The sections I describe in my cemetery enumeration are my own definitions, and may not always be completely clear looking at the cemetery. I hope, once they are understood, that they will be useful in locating graves.

Friendship sections
Friendship sections

New West Section – Yellow
North Section – Cyan
Hillside Section – Green
Old Middle Section – Violet
Old Southeast Section – Indigo

New West Section

The section west of the road, containing only modern granite headstones and graves placed since 1960. Eastern border is ridge, extended north; northern border is line extending east from end of white stone wall.

North Section

Directly across road from church to the east.
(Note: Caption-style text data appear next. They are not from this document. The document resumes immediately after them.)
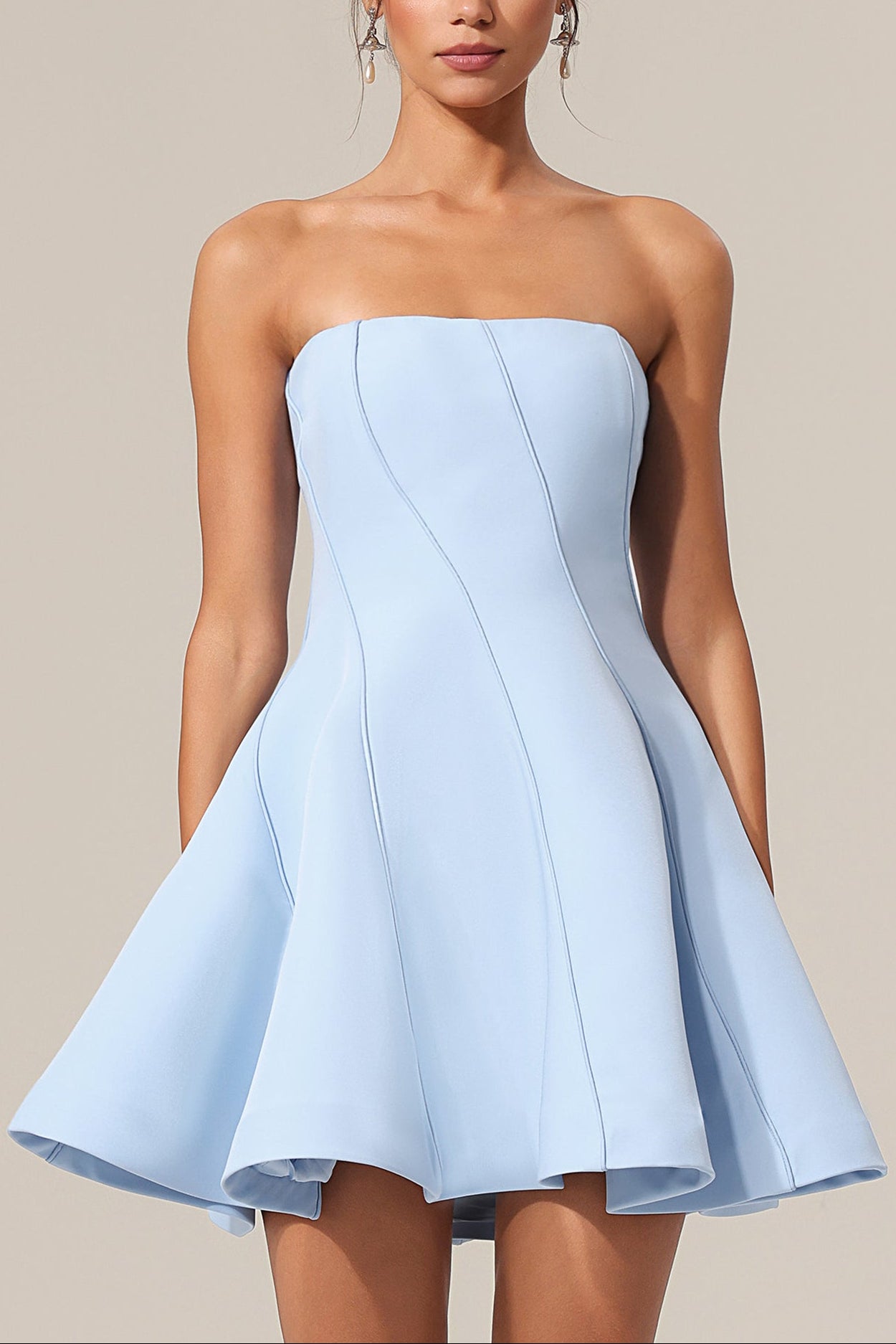 NATIVIDAD OFF-SHOULDER MINI DRESS BLUE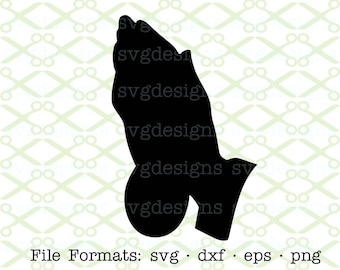 Praying Hands SVG, Dxf, Eps & Png. Digital Cut Files for Cricut, Silhouette; Religious Svg, Christian Svg, Praying Hands Silhouette, Easter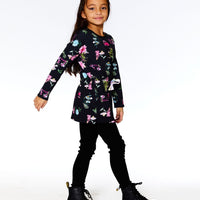 Long Sleeve French Terry Tunic Black Botanical Flowers Print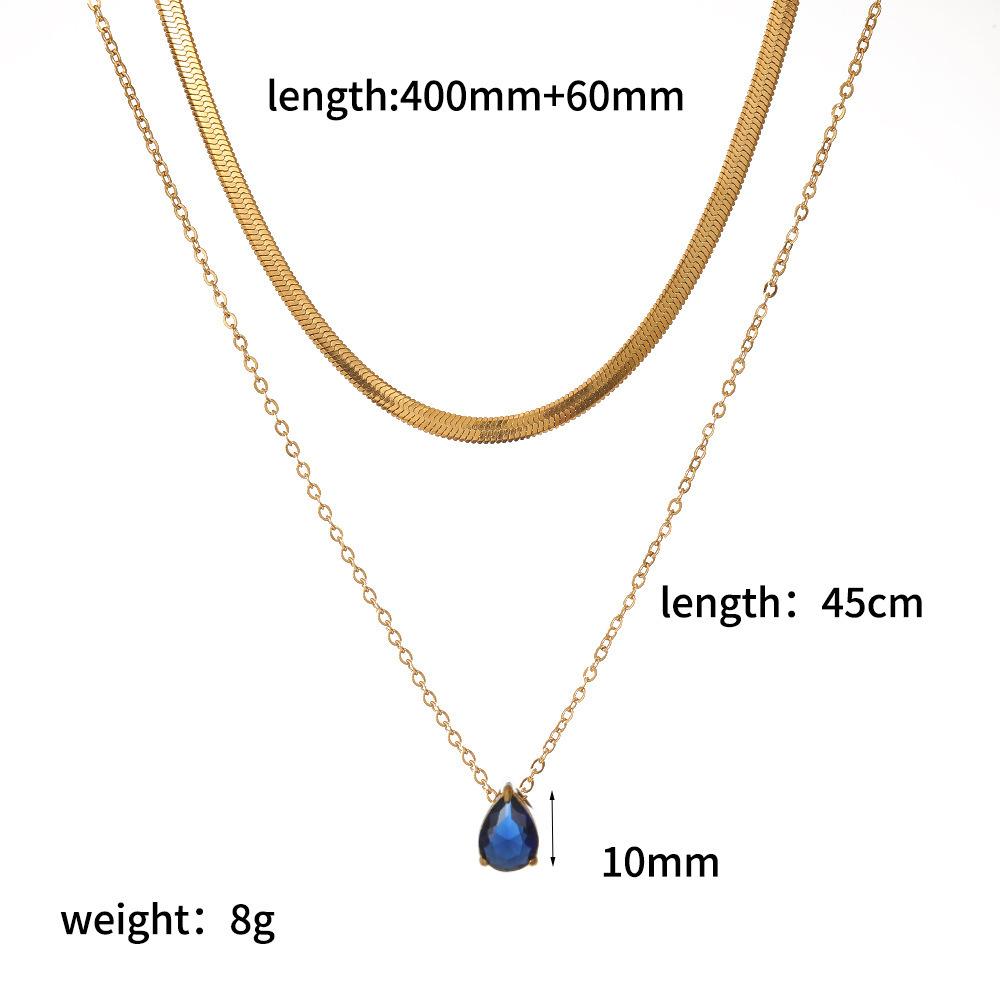 Trendy Fashion Color Zircon 18K Gold Plated Stainless Steel Water Drop Birthstone Pendant Stacked Collarbone Necklace for Women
Northestmost part of section stands on ridge, with steps leading up. Land slopes gradually down to south to meet Hillside Section. Section continues back to east. Third oldest section of the cemetery, with graves ranging from 1870s to 1950s, with occasional burials today.

Hunter and Templeton Plots

Two distinct burial plots surrounded by stone borders, at southern end of North Section.

Hillside Section

Occupies narrow swath on side of ridge. Begins at north where the ridge becomes high enough not to be able to walk up it; I draw the line delimiting the Hillside Section from the North Section from the eastern edge of the Hunter Plot. The first burials here took place in the 1910s. I include several burials in this section as part of the Southest Section, based on dating and other characteristics.

Old Middle Section

Begins at north where North Section gives way to uneven rows on older markers, and continues to south until it reaches long gaps. The eastern edge of the Hunter Plot draws a line that roughly delimits the North Section from the Middle Section. At its western end, the Middle Section encompasses several regular rows of sandstone markers; at its eastern end, the Middle Section includes several rows of graves making up a plot, of the Howell and McDonald families, beneath a grove of ancient cedar trees. The first rows of what is considered the Middle Section include the few graves that fall between the Hunter and Templeton plots. Graves dated the 1850s to the 1890s.

Old Southeast Section

Oldest section of the cemetery, with marked graves dating from 1831 to the 1860s. Occupies topmost of hill that begins with the ridge in the lower part of the cemetery. Western edge is roughly the county line; extends to the edge of the church’s property to east. I believe this section to have been completely filled up, at least to the satisfaction of the nineteeth-century church. The cemetery then moved north.